| Work required |
Take the lines below beginning at the line that has "KitchenAid 5KSM175PSBFL Stand" and stopping after the line that has "1,7-dimethyl-2", and print them exactly as they are, with no other lines.

| Data shown |

=== Begin Enclosure ===

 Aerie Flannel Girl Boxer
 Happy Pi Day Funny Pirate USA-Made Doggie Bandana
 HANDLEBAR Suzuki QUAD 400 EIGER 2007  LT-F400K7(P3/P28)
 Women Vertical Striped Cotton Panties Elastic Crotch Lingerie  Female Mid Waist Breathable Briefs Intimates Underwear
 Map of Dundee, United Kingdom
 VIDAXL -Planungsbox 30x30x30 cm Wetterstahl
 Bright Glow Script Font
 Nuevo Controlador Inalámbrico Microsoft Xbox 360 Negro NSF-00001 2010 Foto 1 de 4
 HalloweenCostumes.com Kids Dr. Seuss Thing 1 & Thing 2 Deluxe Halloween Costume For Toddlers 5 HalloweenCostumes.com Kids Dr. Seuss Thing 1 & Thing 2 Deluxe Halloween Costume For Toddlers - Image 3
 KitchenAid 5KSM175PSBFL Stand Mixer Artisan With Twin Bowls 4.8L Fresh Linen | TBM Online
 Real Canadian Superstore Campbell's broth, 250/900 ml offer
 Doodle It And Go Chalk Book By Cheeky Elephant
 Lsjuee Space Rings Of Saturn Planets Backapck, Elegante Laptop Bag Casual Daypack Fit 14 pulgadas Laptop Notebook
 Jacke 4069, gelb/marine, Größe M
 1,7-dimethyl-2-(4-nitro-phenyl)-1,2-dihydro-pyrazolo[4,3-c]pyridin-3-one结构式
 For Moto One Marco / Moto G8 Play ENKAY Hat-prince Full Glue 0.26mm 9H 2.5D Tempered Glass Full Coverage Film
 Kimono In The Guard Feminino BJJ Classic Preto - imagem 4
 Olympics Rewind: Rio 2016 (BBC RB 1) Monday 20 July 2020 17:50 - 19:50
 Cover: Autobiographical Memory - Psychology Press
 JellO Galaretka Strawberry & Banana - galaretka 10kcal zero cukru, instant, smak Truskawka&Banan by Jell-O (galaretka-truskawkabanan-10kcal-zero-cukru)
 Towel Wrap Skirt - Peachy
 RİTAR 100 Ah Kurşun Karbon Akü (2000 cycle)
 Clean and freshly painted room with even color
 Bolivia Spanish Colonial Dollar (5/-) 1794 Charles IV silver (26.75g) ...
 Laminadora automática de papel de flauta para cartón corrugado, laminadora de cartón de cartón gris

=== End Enclosure ===

| Output |
 KitchenAid 5KSM175PSBFL Stand Mixer Artisan With Twin Bowls 4.8L Fresh Linen | TBM Online
 Real Canadian Superstore Campbell's broth, 250/900 ml offer
 Doodle It And Go Chalk Book By Cheeky Elephant
 Lsjuee Space Rings Of Saturn Planets Backapck, Elegante Laptop Bag Casual Daypack Fit 14 pulgadas Laptop Notebook
 Jacke 4069, gelb/marine, Größe M
 1,7-dimethyl-2-(4-nitro-phenyl)-1,2-dihydro-pyrazolo[4,3-c]pyridin-3-one结构式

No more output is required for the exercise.